たまに、身体に染み渡るような美味しい朝食に出会う。大抵の場合、そのメニューは奇抜ではなく、定番のものだ。定番で、でも少し工夫があるものが、実は一番美味しい料理なのではないか。
そういうものを18品目も揃えたのが、「築地本願寺カフェ Tsumugi」のモーニングだ。南高梅の梅干、湯葉いくらのせ、出汁で味付けされたトマト、里芋田楽、鴨の山椒焼き、揚げナスに卵焼きなどなど。料亭や小料理屋でこれだけの品を食べたら相当な値段になるし、お腹もすぐにいっぱいになってしまいそう。でも、ここでは朝食ならではの低価格で全メニューがちょっとずつ食べられる。

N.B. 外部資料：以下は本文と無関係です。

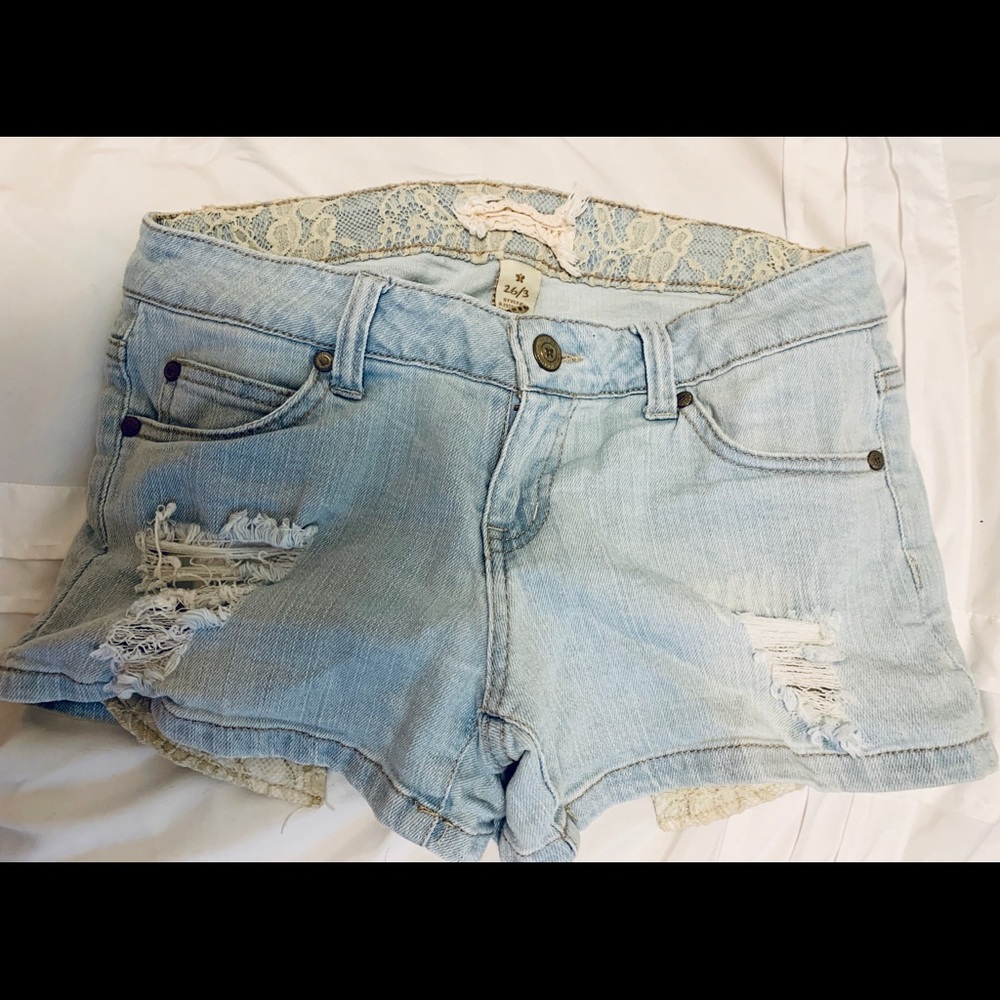 Ripped jean shorts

お粥が、起き抜けのお腹を優しく温めてくれる。昆布の佃煮や梅干しをお粥に入れるもの良いけれど、お惣菜が盛られた小皿に残った少しの出汁や調味料をお粥に注いでいくと、自分好みの味を作ることができる。お行儀はやや悪いかもしれないけれど、これくらいはきっと許されるだろう。口の中に残った風味を楽しみながら米や味噌汁、次の惣菜を楽しむのが和食の醍醐味でもあるし、精進料理を食べる僧侶が漬物で器を拭うのも見たことがある。美味しいものは他の味を引き立てるし、皿に残った余韻さえ無駄にしたくない気持ちにさせられるのだ。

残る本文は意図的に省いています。